[[ Dataset excerpts, beginning ]]

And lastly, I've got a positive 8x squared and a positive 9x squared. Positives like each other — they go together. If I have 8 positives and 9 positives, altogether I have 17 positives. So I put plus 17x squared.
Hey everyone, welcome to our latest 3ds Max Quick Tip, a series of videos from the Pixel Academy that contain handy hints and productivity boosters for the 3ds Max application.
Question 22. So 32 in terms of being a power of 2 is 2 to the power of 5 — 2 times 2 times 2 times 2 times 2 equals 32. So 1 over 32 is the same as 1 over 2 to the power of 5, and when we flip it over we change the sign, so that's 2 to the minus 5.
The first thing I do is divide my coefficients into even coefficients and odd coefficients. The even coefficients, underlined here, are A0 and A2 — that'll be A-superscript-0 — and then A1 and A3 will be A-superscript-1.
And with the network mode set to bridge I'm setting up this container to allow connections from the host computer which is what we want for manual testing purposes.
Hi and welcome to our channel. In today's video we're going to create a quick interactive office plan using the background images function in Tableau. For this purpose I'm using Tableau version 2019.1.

[[ Dataset excerpts, end ]]
[[ Dataset excerpts, beginning ]]

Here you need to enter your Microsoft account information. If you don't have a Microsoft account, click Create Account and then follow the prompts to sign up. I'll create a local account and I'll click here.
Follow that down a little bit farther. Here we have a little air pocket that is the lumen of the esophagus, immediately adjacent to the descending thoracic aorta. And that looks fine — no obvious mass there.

[[ Dataset excerpts, end ]]
[[ Dataset excerpts, beginning ]]

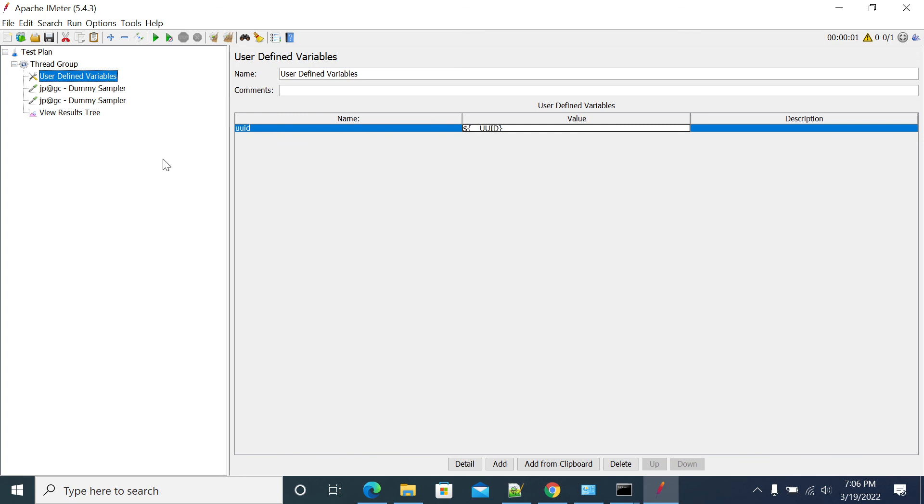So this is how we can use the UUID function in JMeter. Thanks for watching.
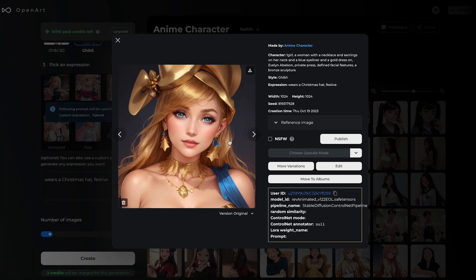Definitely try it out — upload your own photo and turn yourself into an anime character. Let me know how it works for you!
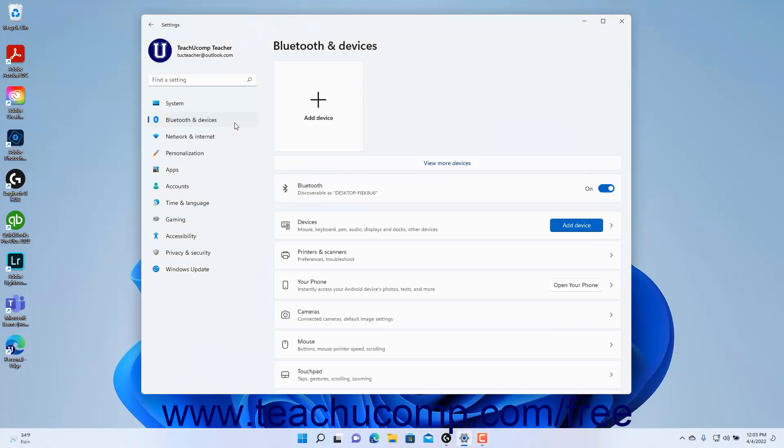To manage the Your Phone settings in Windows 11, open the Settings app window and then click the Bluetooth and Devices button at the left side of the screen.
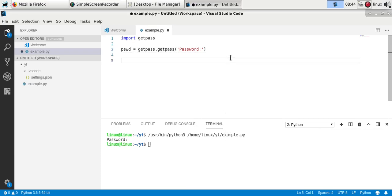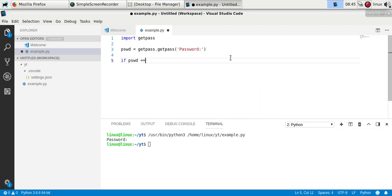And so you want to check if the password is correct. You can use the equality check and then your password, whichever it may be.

[[ Dataset excerpts, end ]]

Exercise goal - The expected answer is an exact copy of the lines above, beginning at the line with "And lastly, I've" and ending at the line with "Hey everyone, welcome", with both ends in.

Task answer -
And lastly, I've got a positive 8x squared and a positive 9x squared. Positives like each other — they go together. If I have 8 positives and 9 positives, altogether I have 17 positives. So I put plus 17x squared.
Hey everyone, welcome to our latest 3ds Max Quick Tip, a series of videos from the Pixel Academy that contain handy hints and productivity boosters for the 3ds Max application.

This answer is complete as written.